Circumstances, lack of leisure, want of razors, too. No, seriously, we
were a wild-looking lot in those unforgotten days which so many, so very
many of us did not survive. You know our losses were awful, too. Yes, we
looked wild. _Des Russes sauvages_--what!

"So he had a beard--this Tomassov I mean; but he did not look _sauvage_.
He was the youngest of us all. And that meant real youth. At a distance
he passed muster fairly well, what with the grime and the particular
stamp of that campaign on our faces. But directly you were near enough
to have a good look into his eyes, that was where his lack of age
showed, though he was not exactly a boy.

"Those same eyes were blue, something like the blue of autumn skies,
dreamy and gay, too--innocent, believing eyes. A topknot of fair hair
decorated his brow like a gold diadem in what one would call normal
times.

"You may think I am talking of him as if he were the hero of a novel.
Why, that's nothing to what the adjutant discovered about him. He
discovered that he had a 'lover's lips'--whatever that may be. If the
adjutant meant a nice mouth, why, it was nice enough, but of course it
was intended for a sneer. That adjutant of ours was not a very delicate
fellow. 'Look at those lover's lips,' he would exclaim in a loud tone
while Tomassov was talking.

"Tomassov didn't quite like that sort of thing. But to a certain extent
he had laid himself open to banter by the lasting character of his
impressions which were connected with the passion of love and, perhaps,
were not of such a rare kind as he seemed to think them. What made
his comrades tolerant of his rhapsodies was the fact that they were
connected with France, with Paris!

"You of the present generation, you cannot conceive how much prestige
there was then in those names for the whole world. Paris was the centre
of wonder for all human beings gifted with imagination. There we were,
the majority of us young and well connected, but not long out of our
hereditary nests in the provinces; simple servants of God; mere rustics,
if I may say so. So we were only too ready to listen to the tales of
France from our comrade Tomassov. He had been attached to our mission
in Paris the year before the war. High protections very likely--or maybe
sheer luck.

"I don't think he could have been a very useful member of the mission
because of his youth and complete inexperience. And apparently all his
time in Paris was his own. The use he made of it was to fall in love, to
remain in that state, to cultivate it, to exist only for it in a manner
of speaking.

"Thus it was something more than a mere memory that he had brought with
him from France. Memory is a fugitive thing. It can be falsified, it
can be effaced, it can be even doubted. Why! I myself come to doubt
sometimes that I, too, have been in Paris in my turn. And the long road
there with battles for its stages would appear still more incredible if
it were not for a certain musket ball which I have been carrying about
my person ever since a little cavalry affair which happened in Silesia
at the very beginning of the Leipsic campaign.

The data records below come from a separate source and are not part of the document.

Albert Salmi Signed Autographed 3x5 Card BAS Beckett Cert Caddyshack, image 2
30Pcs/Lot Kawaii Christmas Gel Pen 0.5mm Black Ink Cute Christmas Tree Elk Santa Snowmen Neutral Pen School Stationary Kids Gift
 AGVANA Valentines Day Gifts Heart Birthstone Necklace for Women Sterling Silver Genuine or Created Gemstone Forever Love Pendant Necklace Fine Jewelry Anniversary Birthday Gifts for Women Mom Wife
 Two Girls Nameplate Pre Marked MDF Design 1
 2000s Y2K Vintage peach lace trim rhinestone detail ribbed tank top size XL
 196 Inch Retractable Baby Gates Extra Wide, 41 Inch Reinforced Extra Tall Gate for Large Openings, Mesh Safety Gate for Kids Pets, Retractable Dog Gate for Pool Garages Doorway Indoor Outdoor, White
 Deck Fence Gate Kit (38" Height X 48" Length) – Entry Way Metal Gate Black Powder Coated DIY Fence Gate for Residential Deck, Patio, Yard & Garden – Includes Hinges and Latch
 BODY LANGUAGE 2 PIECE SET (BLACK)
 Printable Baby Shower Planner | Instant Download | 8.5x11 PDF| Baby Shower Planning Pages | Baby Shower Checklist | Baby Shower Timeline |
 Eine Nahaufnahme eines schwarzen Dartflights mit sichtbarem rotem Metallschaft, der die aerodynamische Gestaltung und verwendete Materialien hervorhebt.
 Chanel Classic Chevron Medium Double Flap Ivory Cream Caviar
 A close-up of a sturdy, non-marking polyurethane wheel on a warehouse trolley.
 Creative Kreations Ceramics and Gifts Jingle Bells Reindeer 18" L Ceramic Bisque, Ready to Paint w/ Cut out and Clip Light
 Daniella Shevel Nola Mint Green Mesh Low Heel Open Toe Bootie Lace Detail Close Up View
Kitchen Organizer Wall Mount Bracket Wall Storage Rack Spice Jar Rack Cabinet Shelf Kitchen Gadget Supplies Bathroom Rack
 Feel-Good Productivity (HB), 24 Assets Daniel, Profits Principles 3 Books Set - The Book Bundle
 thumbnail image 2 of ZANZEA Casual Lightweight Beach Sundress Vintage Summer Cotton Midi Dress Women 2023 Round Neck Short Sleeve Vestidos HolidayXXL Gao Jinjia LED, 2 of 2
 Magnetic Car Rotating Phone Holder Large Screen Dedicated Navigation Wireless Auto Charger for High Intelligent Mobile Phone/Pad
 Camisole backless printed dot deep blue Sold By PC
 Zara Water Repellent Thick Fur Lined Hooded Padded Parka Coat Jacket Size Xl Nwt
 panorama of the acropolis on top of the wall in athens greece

"Passages of love, however, are more impressive perhaps than passages
of danger. You don't go affronting love in troops as it were. They are
rarer, more personal and more intimate. And remember that with Tomassov
all that was very fresh yet. He had not been home from France three
months when the war began.

"His heart, his mind were full of that experience. He was really awed
by it, and he was simple enough to let it appear in his speeches. He
considered himself a sort of privileged person, not because a woman had
looked at him with favour, but simply because, how shall I say it, he
had had the wonderful illumination of his worship for her, as if it were
heaven itself that had done this for him.

"Oh yes, he was very simple. A nice youngster, yet no fool; and with
that, utterly inexperienced, unsuspicious, and unthinking. You will find
one like that here and there in the provinces. He had some poetry in him
too. It could only be natural, something quite his own, not acquired. I
suppose Father Adam had some poetry in him of that natural sort. For the
rest _un Russe sauvage_ as the French sometimes call us, but not of that
kind which, they maintain, eats tallow candle for a delicacy. As to the
woman, the French woman, well, though I have also been in France with
a hundred thousand Russians, I have never seen her. Very likely she was
not in Paris then. And in any case hers were not the doors that would
fly open before simple fellows of my sort, you understand. Gilded salons
were never in my way. I could not tell you how she looked, which is
strange considering that I was, if I may say so, Tomassov's special
confidant.

"He very soon got shy of talking before the others. I suppose the usual
camp-fire comments jarred his fine feelings. But I was left to him
and truly I had to submit. You can't very well expect a youngster in
Tomassov's state to hold his tongue altogether; and I--I suppose you
will hardly believe me--I am by nature a rather silent sort of person.

"Very likely my silence appeared to him sympathetic. All the month of
September our regiment, quartered in villages, had come in for an easy
time. It was then that I heard most of that--you can't call it a story.
The story I have in my mind is not in that. Outpourings, let us call
them.

"I would sit quite content to hold my peace, a whole hour perhaps, while
Tomassov talked with exaltation. And when he was done I would still hold
my peace. And then there would be produced a solemn effect of silence
which, I imagine, pleased Tomassov in a way.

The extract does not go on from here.